A automated miniature fluorescent lamp processing station is disclosed which is used to fabricate miniature fluorescent lamps. The system includes: flow-through gas processing to enhance buffer gas purity, monitoring of the temperature of every lamp in a batch during processing to permit accurate determination of required bus buffer gas fill pressures, real-time determination of target filled pressure at the lamp temperature processing by use of a gas law algorithm and use of microprocessor interfaced sensors and transducers to effect the high level of automation typically required to fabricate avionics grade lamps.

Description

FIELD OF THE INVENTION
The present invention generally relates to apparatus for manufacturing miniature fluorescent lamps, and more particularly relates to such apparatus having a flow-through gas design and even more particularly concerns a computer controlled apparatus for manufacturing miniature fluorescent lamps.
BACKGROUND OF THE INVENTION
In the past, manufacturers of miniature fluorescent lamps have relied heavily upon the personal skill and intuition of numerous skilled artisans.
For example, a miniature fluorescent lamp might be manufactured as follows:
Several glass tubes with the phosphors already deposited therein might be placed in an oven with a single temperature gauge and the temperature raised in order to affect a degassing of the coated tubes. The tubes will be sealed at one end and filled from the other with argon and then evacuated. The process is repeated several times in order to remove the contaminants, which are a by-product of the degassing process.
The artisan will manually control valves, to adjust the pressure in the lamp. While this method has been employed in the past, and has been used to make numerous miniature fluorescent lamps, it does have several serious drawbacks.
First, placing several lamps in a single oven with a single temperature gauge causes temperature uncertainty due to even heat distribution in the oven. This can result in unpredictable gas pressure in the finished fluorescent lamp.
Secondly, the repeated back-flushing approach toward removing the contaminants from the degassing process fails to effectively remove all the contaminants from the lamp.
Finally, there exists a need for improvement in the apparatus and method for manufacturing miniature fluorescent lamps to provide for greater consistency in the characteristics of the lamp.
SUMMARY OF THE INVENTION
It is an object of the present invention to provide an apparatus for manufacturing lamps having more consistent gas pressures therein.
It is a feature of the present invention to include a temperature sensor adjacent each lamp in the oven. Each temperature sensor measures the temperature at each particular lamp.
It is another feature of the present invention to include a computer controlled apparatus for controlling the valves and pressure of gas supplied to the lamps.

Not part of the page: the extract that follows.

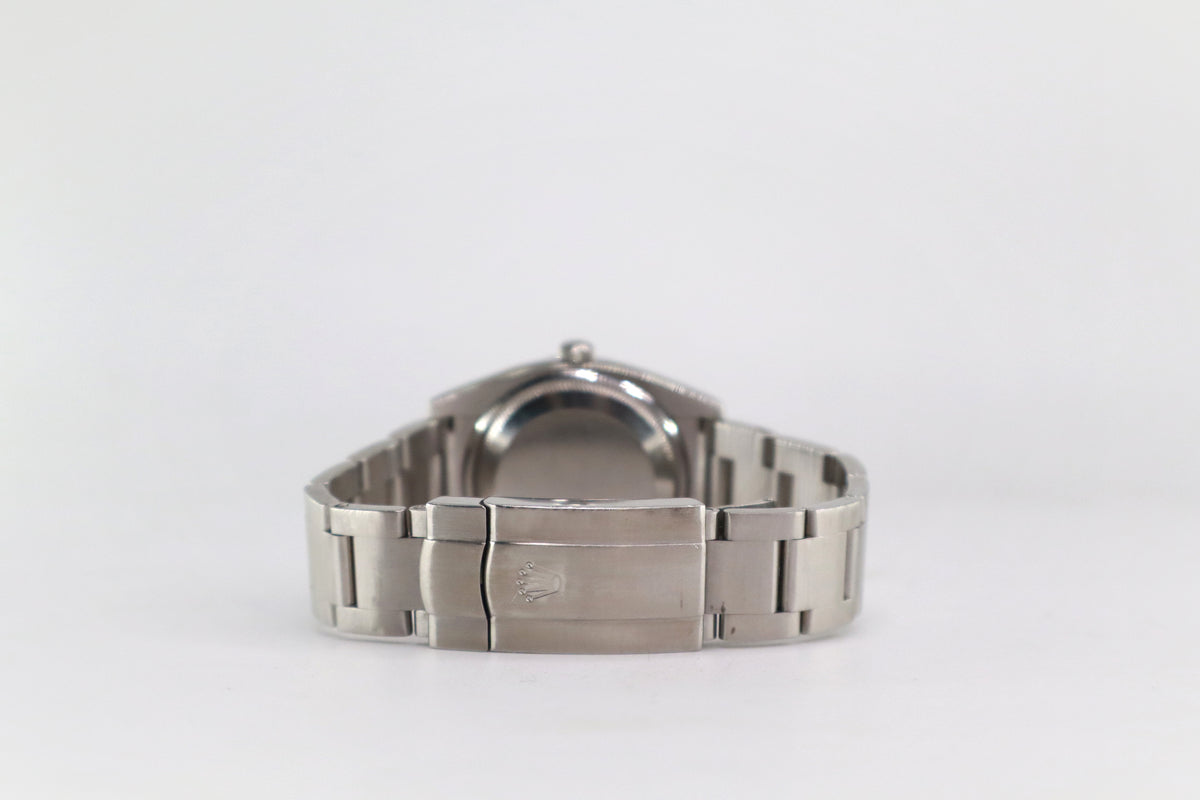 ROLEX Air-King 114200 34mm Oystersteel, Blue Concentric Dial, Watch & Box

It is an advantage of the present invention to precisely control the pressure of the gas within the finished lamp.
It is another object of the present invention to provide a lamp with enhanced luminance.
It is a feature of the present invention to provide an apparatus for manufacturing lamps that includes a flow-through design for carrying away the contaminants caused by the degassing process.

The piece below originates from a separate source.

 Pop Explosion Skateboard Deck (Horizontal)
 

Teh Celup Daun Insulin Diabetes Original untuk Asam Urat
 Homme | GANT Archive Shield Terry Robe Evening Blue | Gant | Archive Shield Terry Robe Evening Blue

It is an advantage of the present invention to greatly reduce the amount of contaminants remaining in the lamp and thereby increasing the luminance of the lamp.
The present invention provides an apparatus for manufacturing miniature fluorescent lamps, which is designed to satisfy the aforementioned needs, produce the earlier propounded objects, include the above described features and achieve the already articulated advantages. The invention is carried out in a "backflush-less" system in the sense that the repeated backflushes in and out a single orifice of the fluorescent lamp have been eliminated. Instead, a flow-through design is utilized where a gas is passed through both one open end of the fluorescent lamp and out the other. The invention is also carried out in a "widely variable internal gas pressure-less" fashion in the sense that the widely varying internal gas pressures associated with lamps produced without strict process controls have been reduced. Instead, the present invention includes a computer controlled manifold system that monitors the temperature around each lamp and provides for more precise regulation of the valves and, thus, the internal gas pressure of the finished lamp.

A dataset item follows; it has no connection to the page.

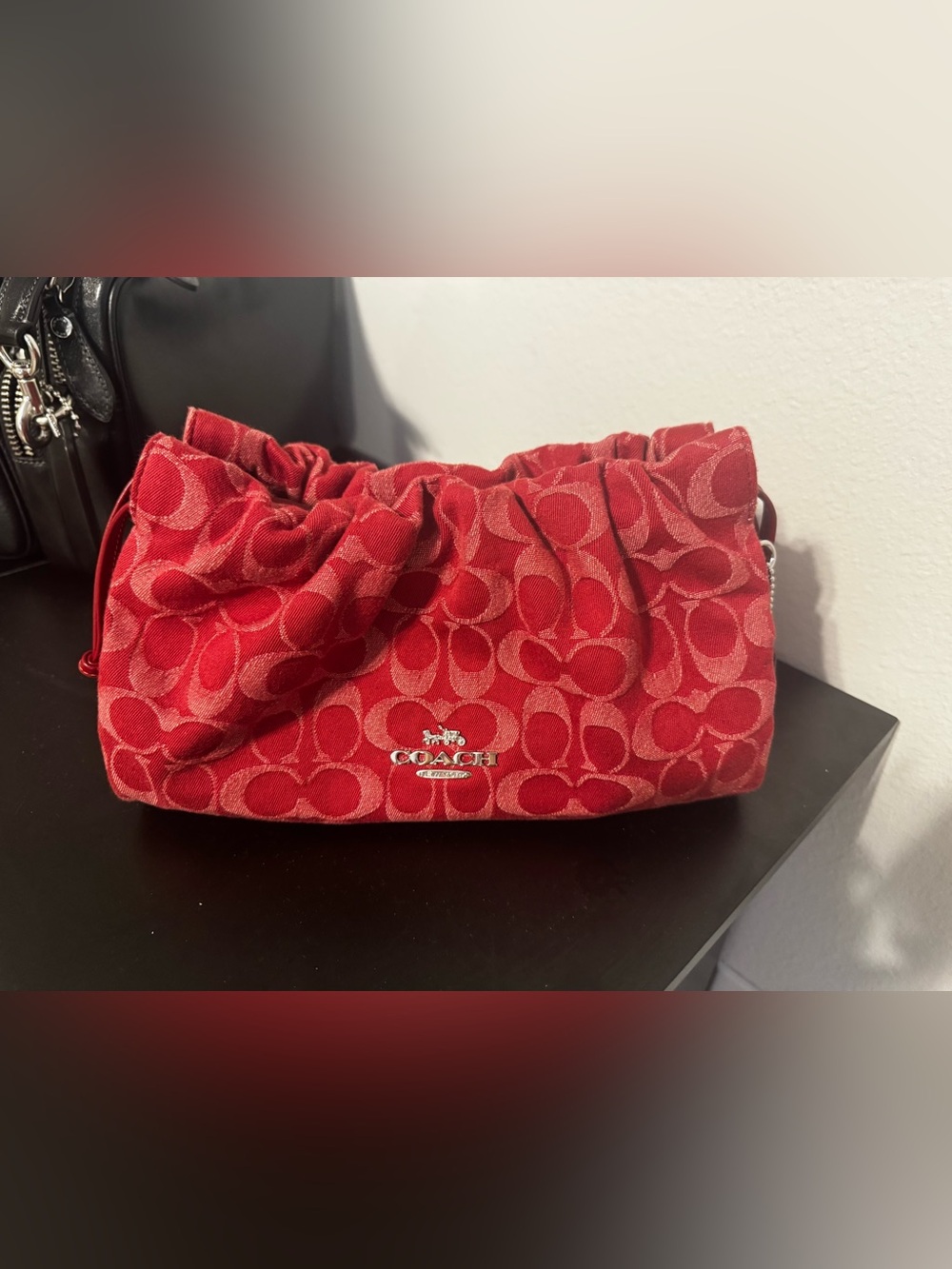 Coach Red Denim Faye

BRIEF DESCRIPTION OF THE DRAWINGS
The invention may be more fully understood by reading the following description of a preferred embodiment of the invention in conjunction with the appended drawings wherein:
FIG. 1 is a perspective view of the apparatus of the present invention showing the oven, inlet manifold, exhaust manifold, and computer control devices.
FIG. 2 is a schematic representation of the inlet manifold and related hardware.
FIG. 3 is a schematic representation of the exhaust manifold and related hardware.
FIG. 4 is a cross-sectional top view of the tipoff ovens and coils and associated hardware.
FIG. 5 is a schematic electrical diagram of the control interface of the present invention.
FIG. 6 is a schematic diagram of the analog interface of the present invention.
FIG. 7 is a schematic electronic representation of the IEEE 488 interface of the present invention.
DETAILED DESCRIPTION
Now referring to the figures wherein like numerals refer to like subject matter throughout. The system, as shown in FIG. 1, is generally designated 100, has an adjustable temperature oven, generally designated 102, with a translatable oven box 104 and a fixed oven endplate 106. Box 104 is shown disposed on rails 108 which are preferably V grooved for receiving the box 104. Oven 102 is shown having an inlet manifold 120, which has computer controlled valves associated therewith, an exhaust manifold 130, which has computer controlled valves associated therewith, a plurality of computer controlled tipoff ovens 140, compressed gas tanks 150 and 152, and electronics computer cabinets 160 and 162. Also shown is first temperature sensor 170, second temperature sensor 172 and third temperature sensor 174 which are coupled to electronics cabinets 160 and 162 by electronics bus 180.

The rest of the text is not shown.